La serie di spionaggio di Ubisoft è sempre stata apprezzata da fan e critici. Con molte recensioni entusiastiche negli ultimi due decenni e vendite moderate, il franchise ha costruito un repertorio di coerenza ed eccellenza. Ecco perché è così strano vedere che non c'è stato un annuncio per un titolo imminente o anche un rivolo di notizie su quello che potrebbe essere il prossimo gioco di questo franchise di Tom Clancy. Questa presa di posizione da parte di Ubisoft, forse, è dovuta al fatto che nel corso degli anni la società è stata più concentrata sulla realizzazione di nuovi IP con il nome di Tom Clancy, piuttosto che aiutare a ramificare una serie esistente.

I titoli multigiocatore come For Honor, The Division e Rainbow Six: The Siege, ed i giochi in arrivo come Skull and Bones sono stati un obiettivo principale per Ubisoft, in quanto cerca di competere con altri rilasci aziendali di terze parti di AAA. Con l'obiettivo di avere titoli di successo che possano soddisfare un pubblico più ampio piuttosto che un'esperienza singolare, non sorprende che tutte le maggiori aziende, fra cui Ubisoft, possano investire più risorse nel tentativo di catturare la tendenza del mercato.

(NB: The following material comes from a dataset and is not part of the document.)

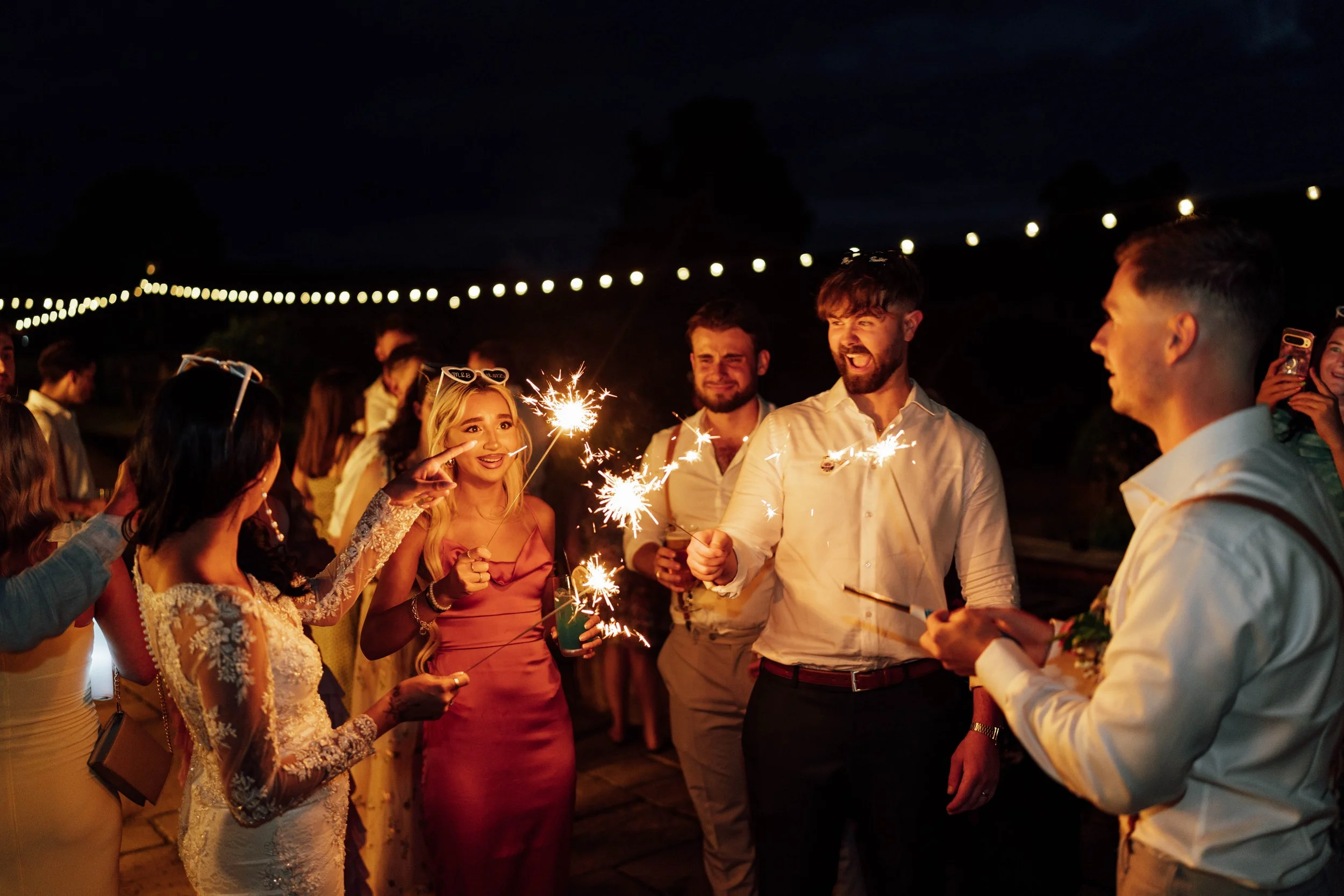 Group of people celebrating with sparklers at night, outdoor party, smiling and taking photos.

Non possiamo incolpare lo sviluppatore francese di provare a cogliere i benefici di questi titoli multiplayer di grandi dimensioni, in quanto la spesa per ogni gioco AAA è aumentata notevolmente nel corso degli anni. Inoltre, non si può dire che non ci sia spazio per un'esperienza single player come Splinter Cell, dato che anche Ubisoft ha dimostrato un valore nel tornare ad altri suoi franchise con grande successo. Assassin's Creed: Origins è l'esempio di spicco di questo, ed è stato in grado di offrire un'esperienza per giocatore singolo con una storia dedicata e un gameplay coinvolgente, che potrebbe rivelarsi un modello di successo per rivitalizzare il franchise di Splinter Cell.

Pur mantenendo la sua narrativa focalizzata e le meccaniche di gioco di spionaggio, un concetto aperto che permettesse ai giocatori di affrontare qualsiasi situazione in una grande mappa sarebbe una strada interessante per il franchise. L'intero concetto non è del tutto nuovo, dal momento che Ubisoft lo ha già fatto con Tom Clancy's Ghost Recon: Wildlands, ma potrebbe dimostrare di lavorare meglio se realizzato per un'esperienza single player piuttosto che un titolo cooperativo open world.

Prendendo entrambe le idee da Assassin's Creed: Origins e Tom Clancy's: Ghost Recon: Wildlands e avvolgendo il tutto nella grande storia e gameplay che la serie di Splinter Cell ha già da offrire, sarebbe una grande e interessante possibilità di ritorno per il franchise di Tom Clancy. Il concetto di intrufolarsi in un grande mondo aperto e affrontare la missione a modo tuo, scoprendo allo stesso tempo uno schema profondo e sinistro, potrebbe portare la serie dalla sua popolarità moderata a nuovi livelli.

La serie di giochi Tom Clancy's Splinter Cell ha bisogno di ritornare, e in grande stile. Offre alcuni dei migliori titoli di spionaggio e di gameplay tattico che non molti altri giochi sono stati in grado di replicare. Ubisoft ha in mano una serie davvero classica e portarla in vita con una nuova svolta merita sicuramente l'attesa, ma speriamo almeno di sentire un annuncio in un futuro non troppo lontano. Anche se l'attesa si allunga e non c'è un nuovo titolo in vista, speriamo che ci sia luce alla fine del tunnel buio per il franchise di Splinter Cell.